Secondary Trauma for occlusion- adaptive capacity of tissues to withstand occlusal forces is impaired by bone loss due to marginal inflammation.
  1. What it would look like clinically- Recession may or may not be present. Tooth may be mobile.
  2. What it would look like radiographically- normal periodontium with reduced height of bone or marginal periodontitis with reduced height of bone; widened PDL space.
  3. How you would diagnosis it? Periodontal probing and mobility assessments, check the patients bite with articulating paper. Look at radiographs.
  4. Specific organism associated with the gingival disease- none.

Influence of trauma from occlusion on progression of marginal periodontitis- trauma from occlusion occurs in the supporting tissues and does not affect the gingival.

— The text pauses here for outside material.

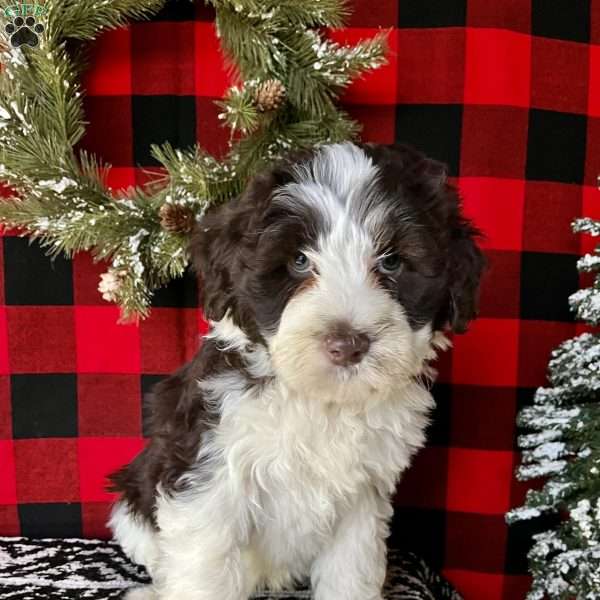 Scarlet, Portuguese Water Dog Puppy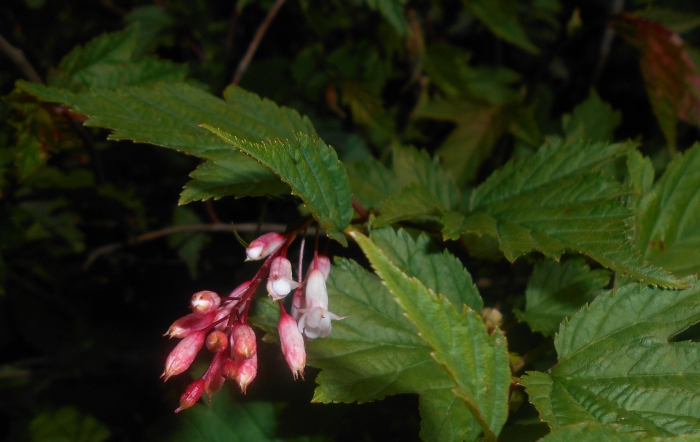 Нейлия тибетская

  1. What it would look like clinically- Tooth may be mobile.
  2. What it would look like radiographically- normal periodontium with reduced height of bone or marginal periodontitis with reduced height of bone; widened PDL space. Thickening of lamina dura. A narrowing and vertical destruction of the interdental septum. Radiolucency and condensation of the alveolar bone. Root resporption.

*Cartilage-like material sometimes develops in the PDL space as an aftermath of the trauma. Buttressing bone formation occur when bone is resorbed by excessive occlusal forces, the body attempts to reinforce the thinned bony trabeculae with new bone; important feature of the reparative process associated with trauma from occlusion.
*The injurious force must be relieved for repair to occur. Escape from or adaptation to excessive occlusal force, periodontal damage persists and worsens.
3. How you would diagnosis it? Periodontal probing and mobility assessments, check the patients bite with articulating paper. Look at radiographs.
4. Specific organism associated with the gingival disease- none.